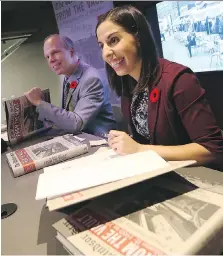  ?? TYLER BROWNBRIDG­E ?? Authors Craig Pearson and Sharon Hanna, right, sign copies of the latest edition of From the Vault during a book launch Thursday night in the Windsor Star News Cafe.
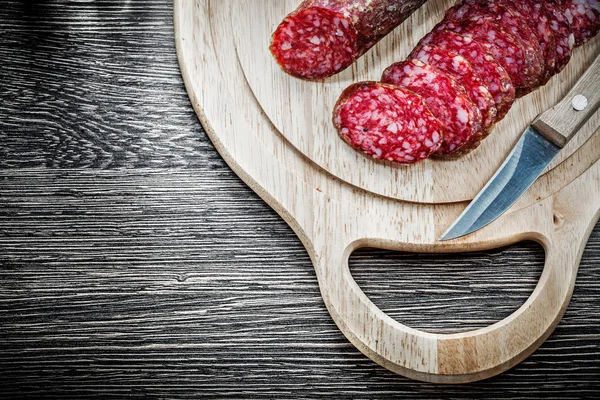 Cuchillo salami picado en tabla de tallar de madera — Foto de Stock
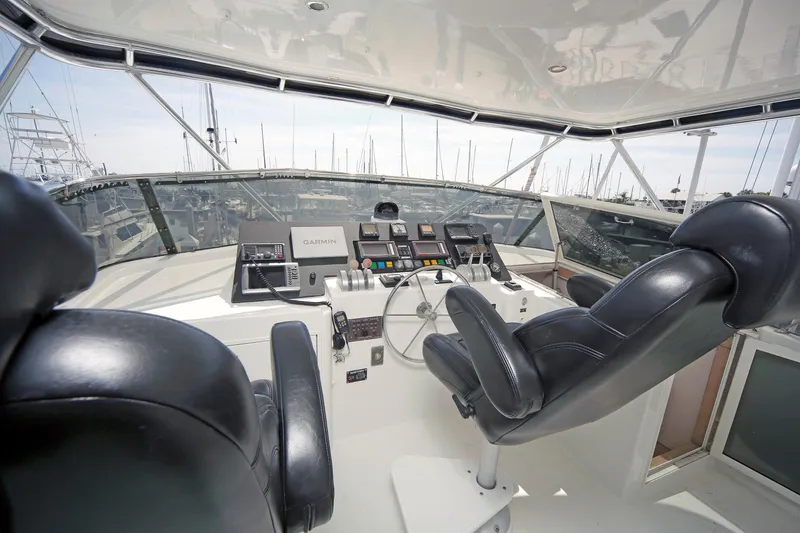 Slide: The Image of Helm of 1995 Hatteras 74 Cockpit Motor Yacht with leather seats and navigation equipment. - 62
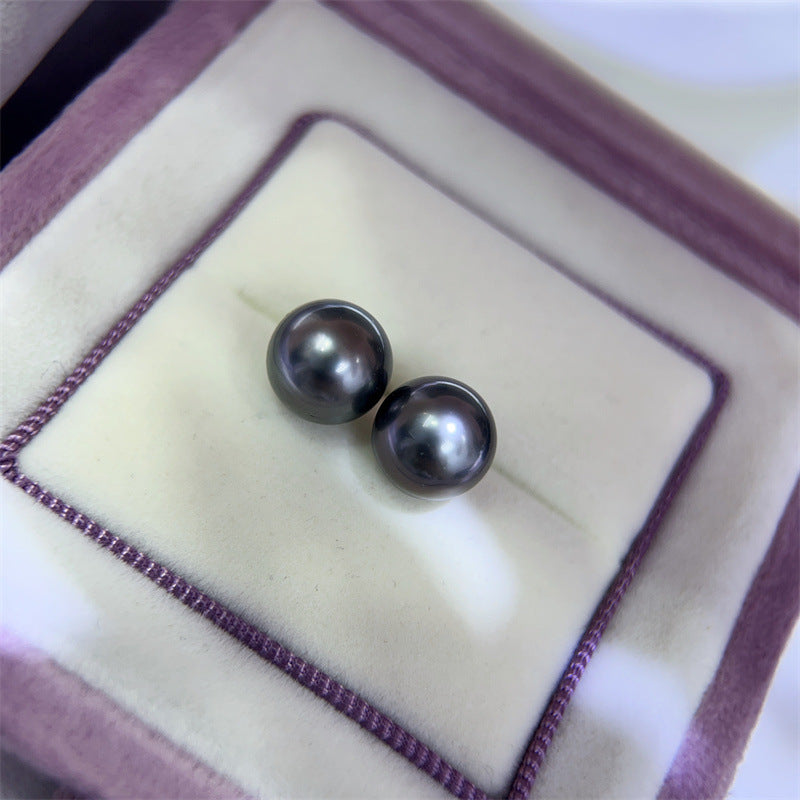 Two black pearls in a jewelry box with a purple interior.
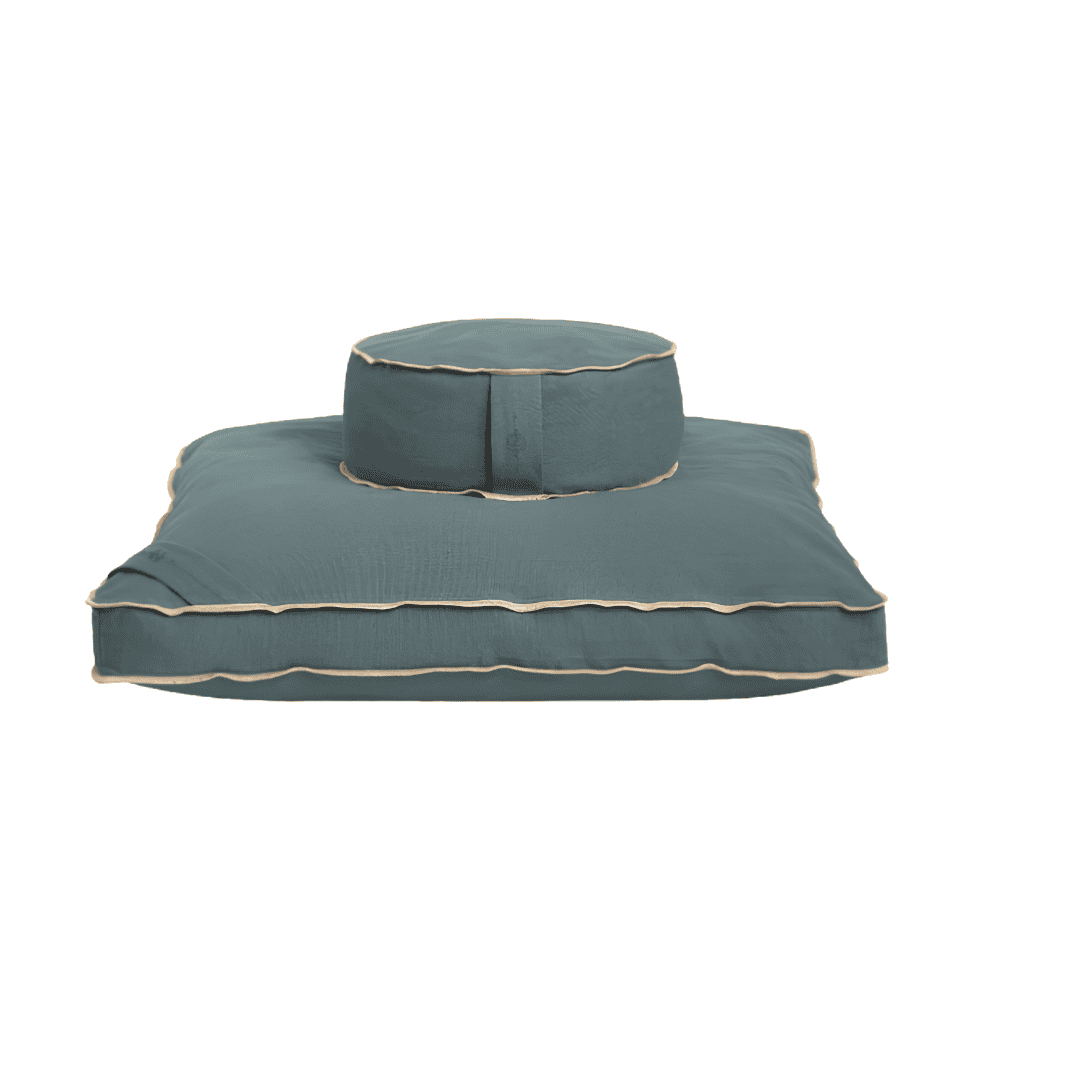 Teal round meditation cushion paired with a matching square floor mat.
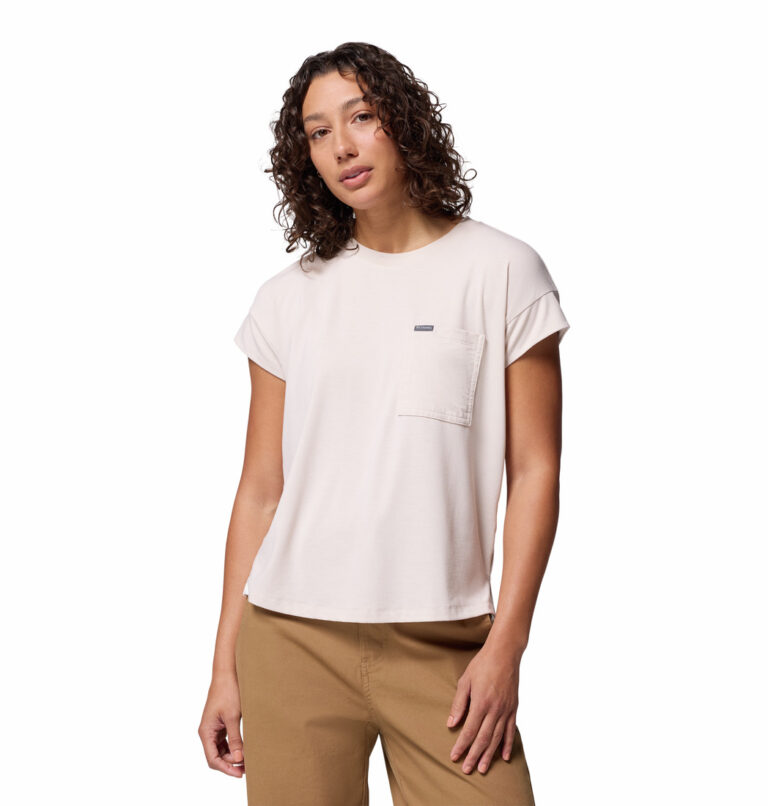 a women wearing a brown tee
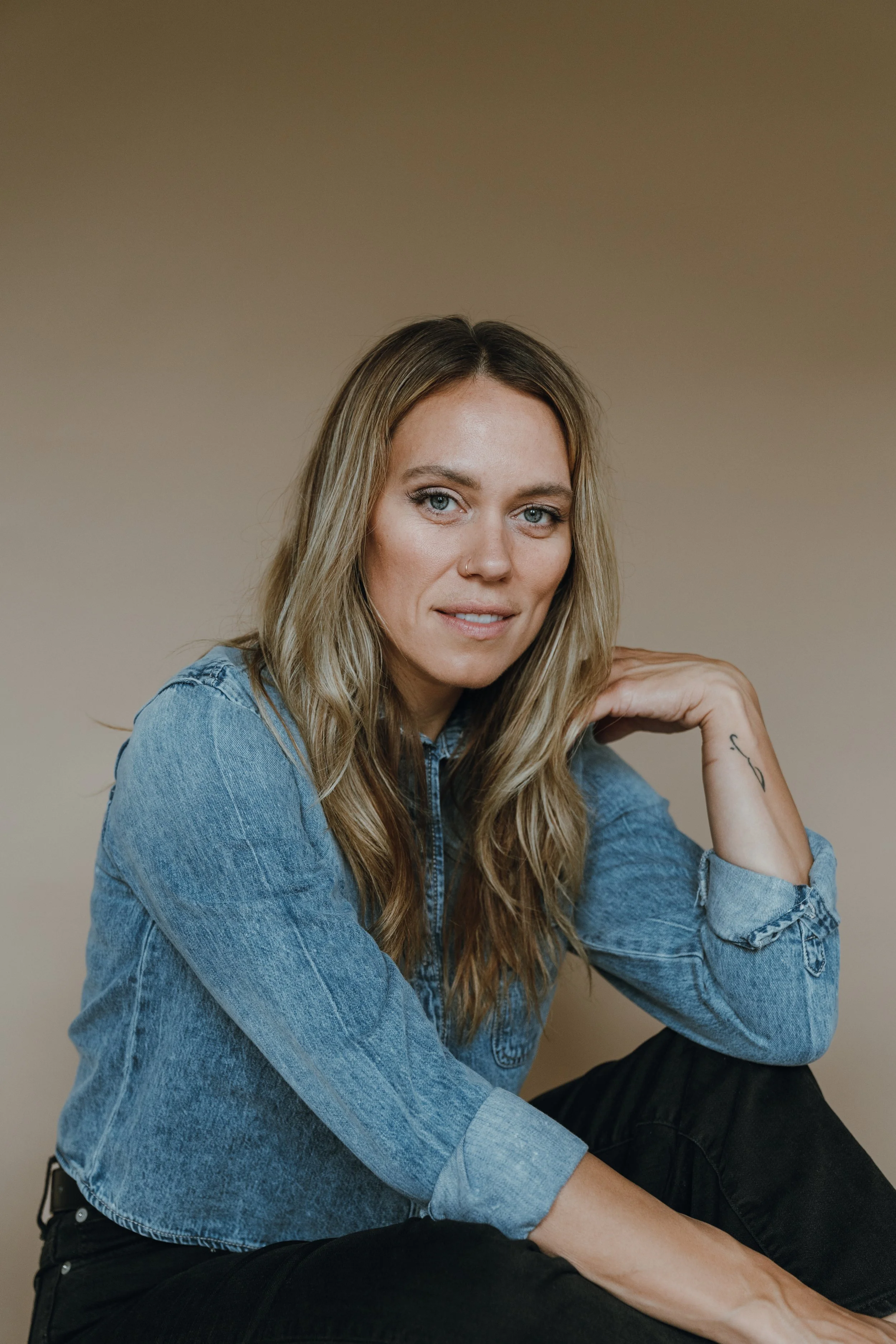 A woman with long blonde hair, blue eyes, and a nose piercing, wearing a denim jacket and black pants, sitting against a plain beige background.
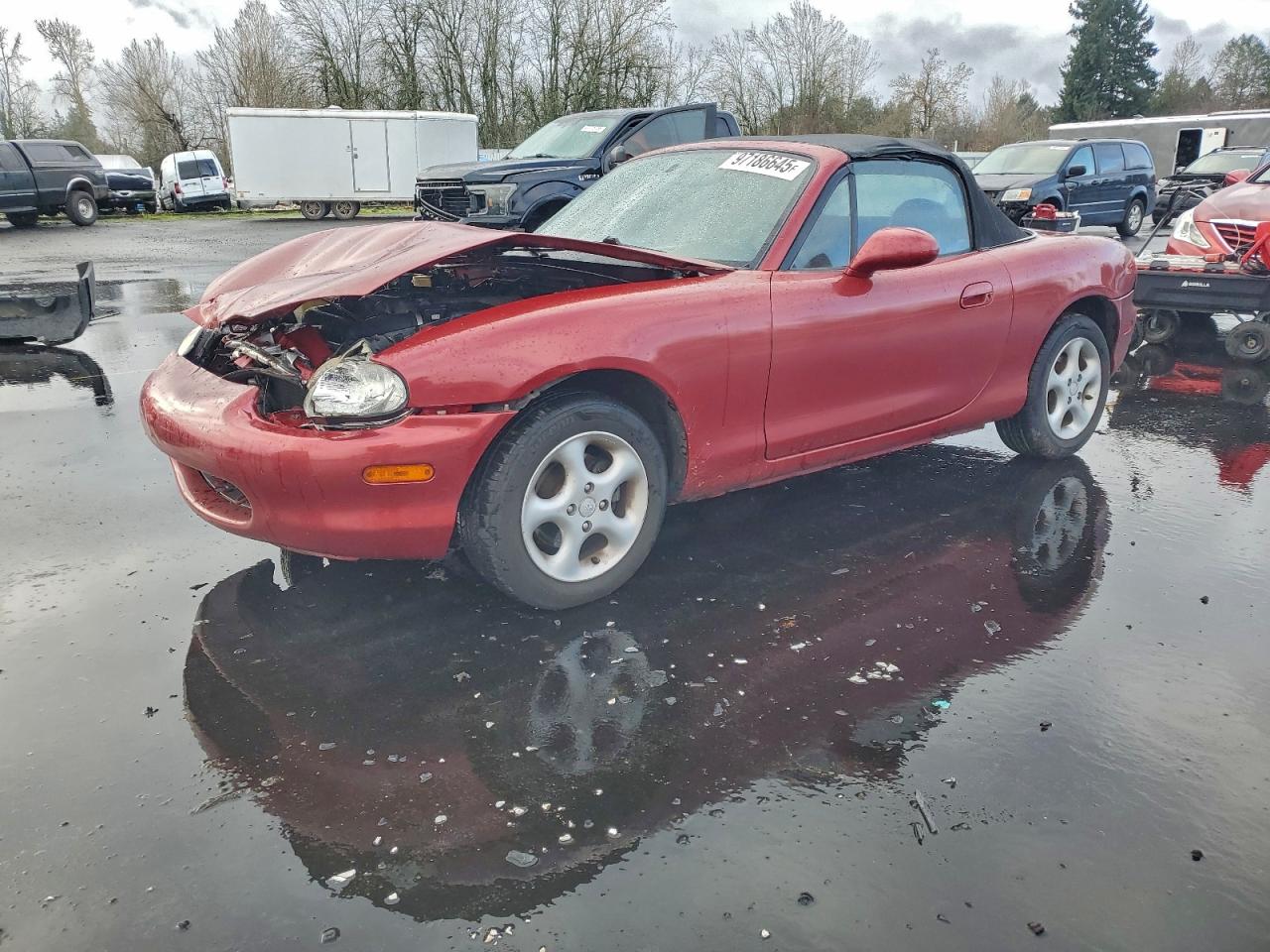 1999 Mazda MX-5 Miata, VIN JM1NB3532X0104438 — Front end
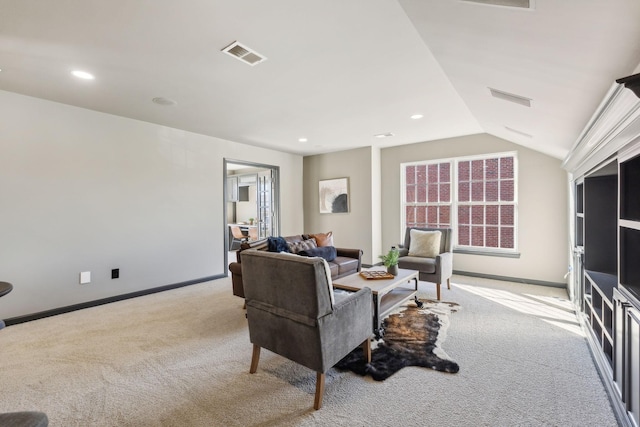 living room featuring light carpet and vaulted ceiling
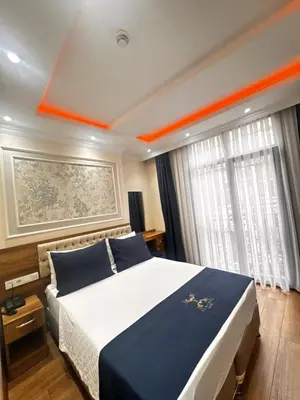 a bedroom with a large bed with an orange line on the ceiling at New Fors Hotel in Istanbul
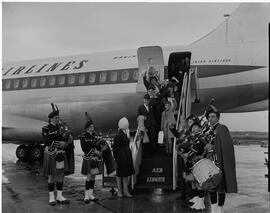 Pipers pipe at Aer Lingus plane, Whelan family departing to US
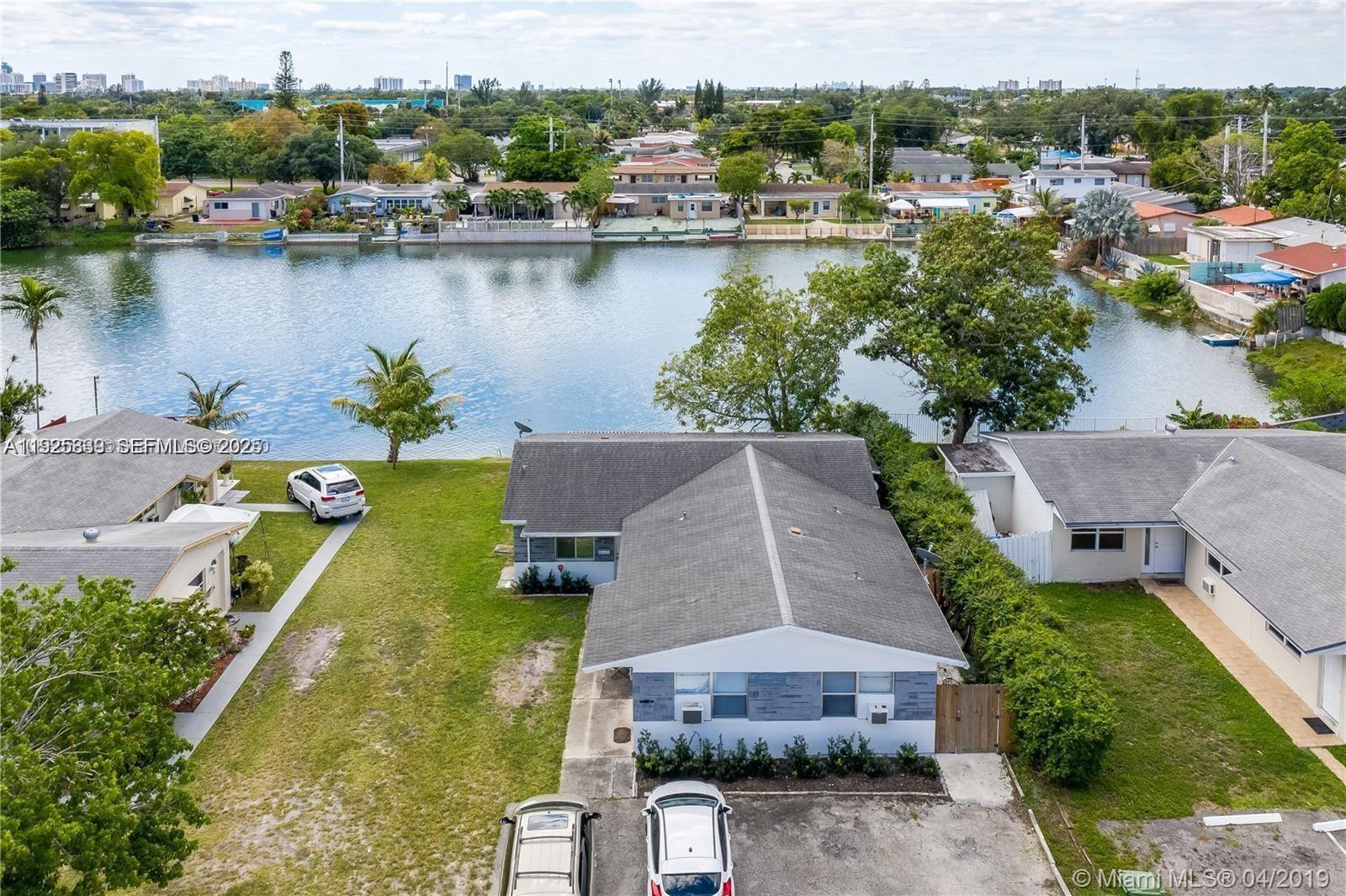an aerial view of a house with swimming pool and lake view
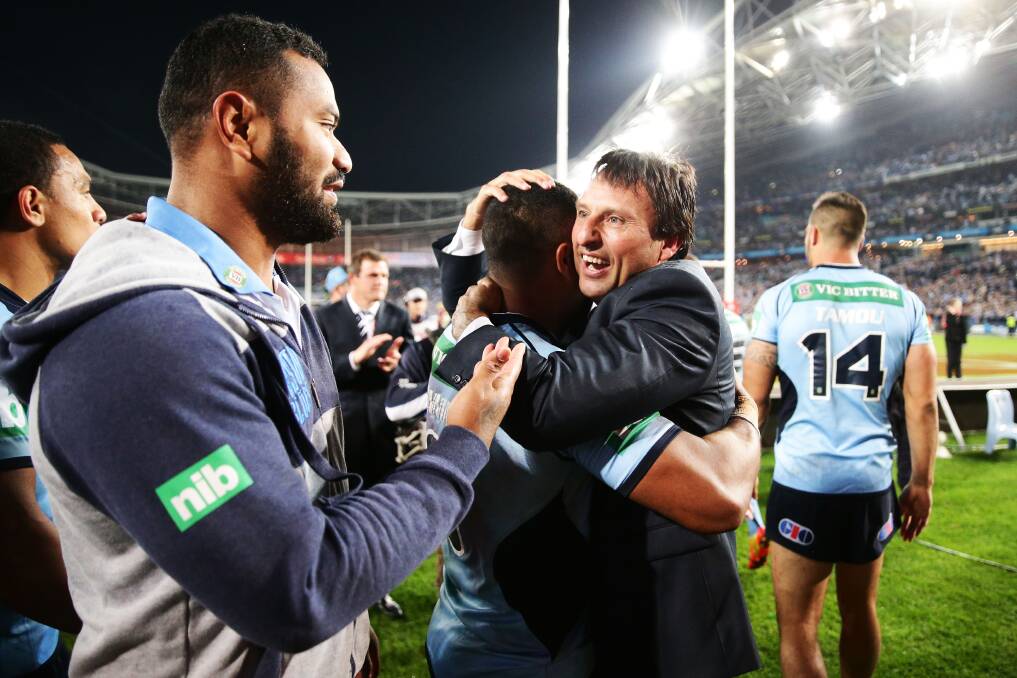Coach Laurie Daley celebrates with his Blues players after New South Wales’ victory in game two at  ANZ Stadium in Sydney. Picture: GETTY IMAGES
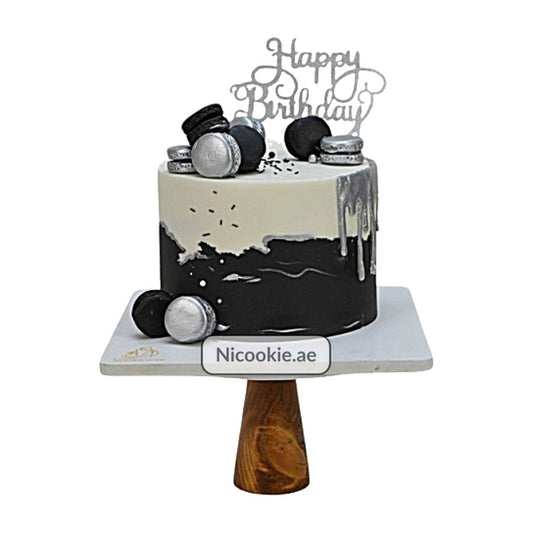 Black and silver birthday cake with macarons and a "Happy Birthday" topper.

- Directions for this task -
Copy only what lies between the start of the listing above and the line containing "a women wearing a brown tee", inclusive of both ends, exactly as written, and drop the pictures.

- Written response -
  ?? TYLER BROWNBRIDG­E ?? Authors Craig Pearson and Sharon Hanna, right, sign copies of the latest edition of From the Vault during a book launch Thursday night in the Windsor Star News Cafe.
 Cuchillo salami picado en tabla de tallar de madera — Foto de Stock
 Slide: The Image of Helm of 1995 Hatteras 74 Cockpit Motor Yacht with leather seats and navigation equipment. - 62
 Two black pearls in a jewelry box with a purple interior.
 Teal round meditation cushion paired with a matching square floor mat.
 a women wearing a brown tee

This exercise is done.